* What is expected
Beginning with the line below that contains "Phu Chaisai Restaurant" and ending with the line that contains "42 Lincoln Dr, Cambridge Park, NSW 2747", retype every line exactly. Pictures are not copied.

* Stored data
----------

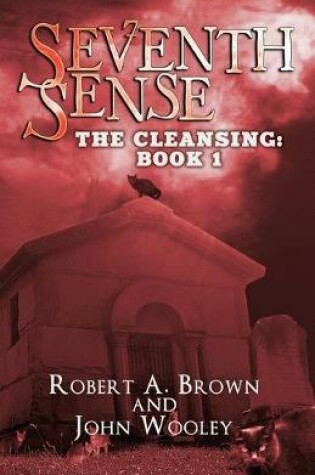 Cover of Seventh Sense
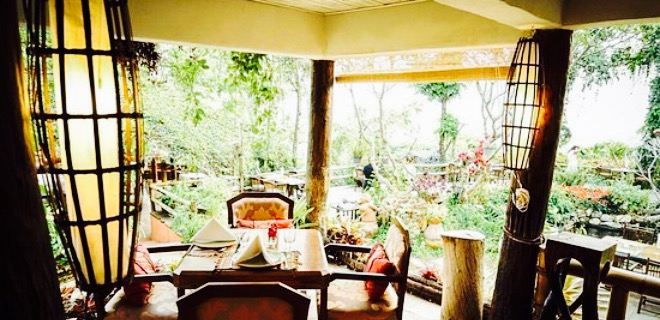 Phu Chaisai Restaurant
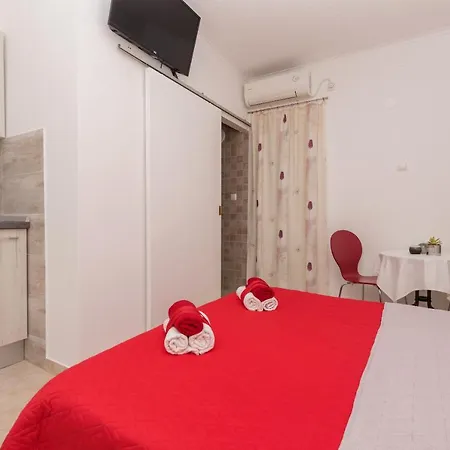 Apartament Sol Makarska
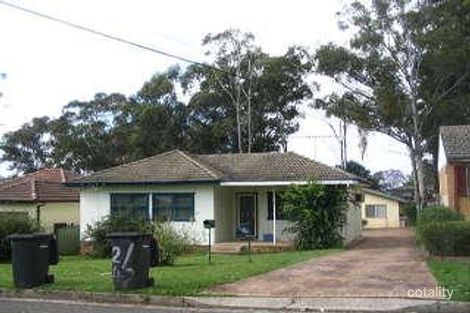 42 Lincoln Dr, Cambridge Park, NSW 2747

----------

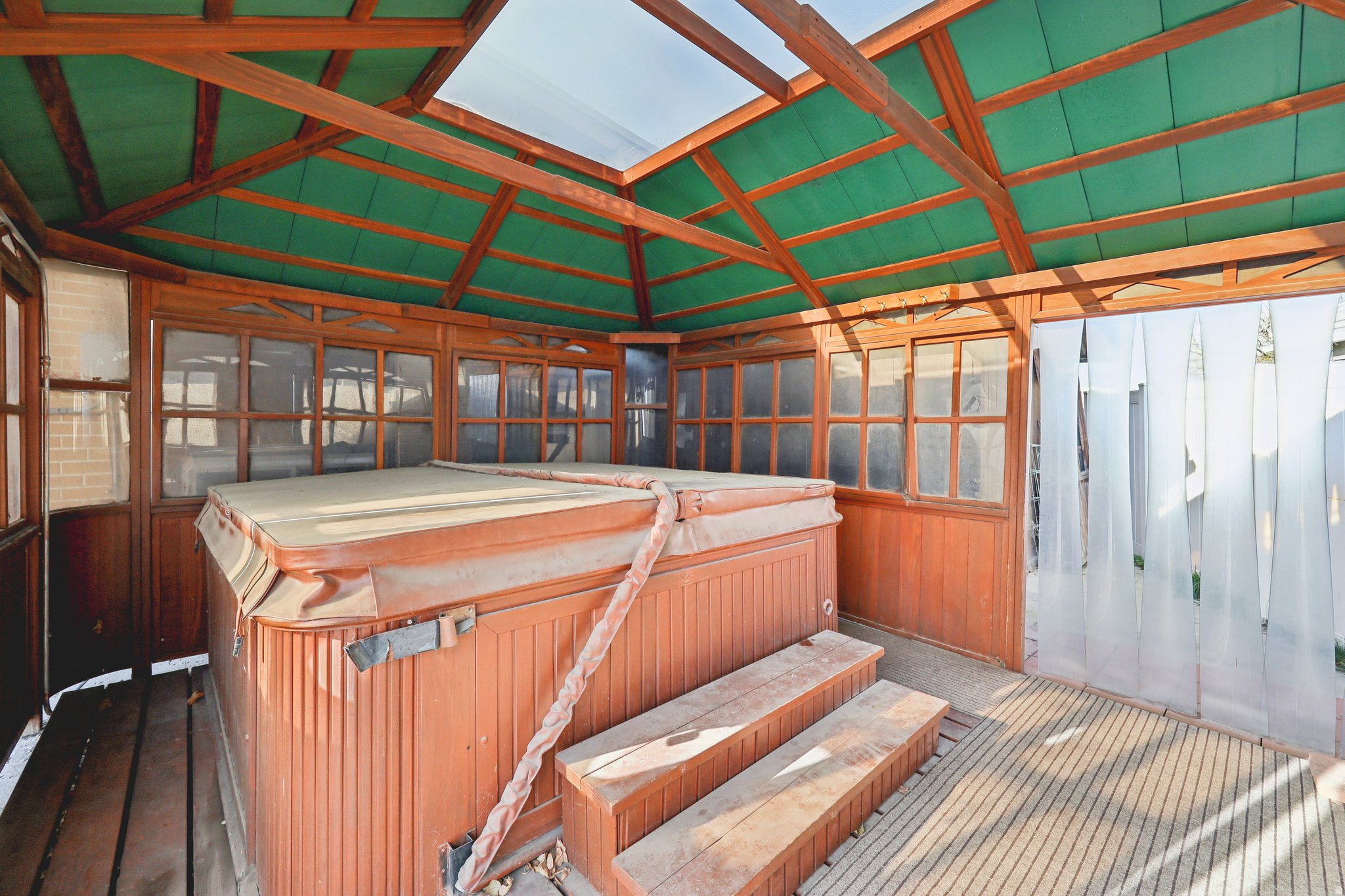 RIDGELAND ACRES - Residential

----------

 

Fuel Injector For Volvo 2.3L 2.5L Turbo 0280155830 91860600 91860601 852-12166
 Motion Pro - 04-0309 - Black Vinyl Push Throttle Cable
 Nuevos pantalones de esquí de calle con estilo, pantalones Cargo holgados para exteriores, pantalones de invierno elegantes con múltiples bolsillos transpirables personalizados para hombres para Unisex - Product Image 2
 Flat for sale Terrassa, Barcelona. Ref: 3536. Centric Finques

----------

* Finished task
 Phu Chaisai Restaurant
 Apartament Sol Makarska
 42 Lincoln Dr, Cambridge Park, NSW 2747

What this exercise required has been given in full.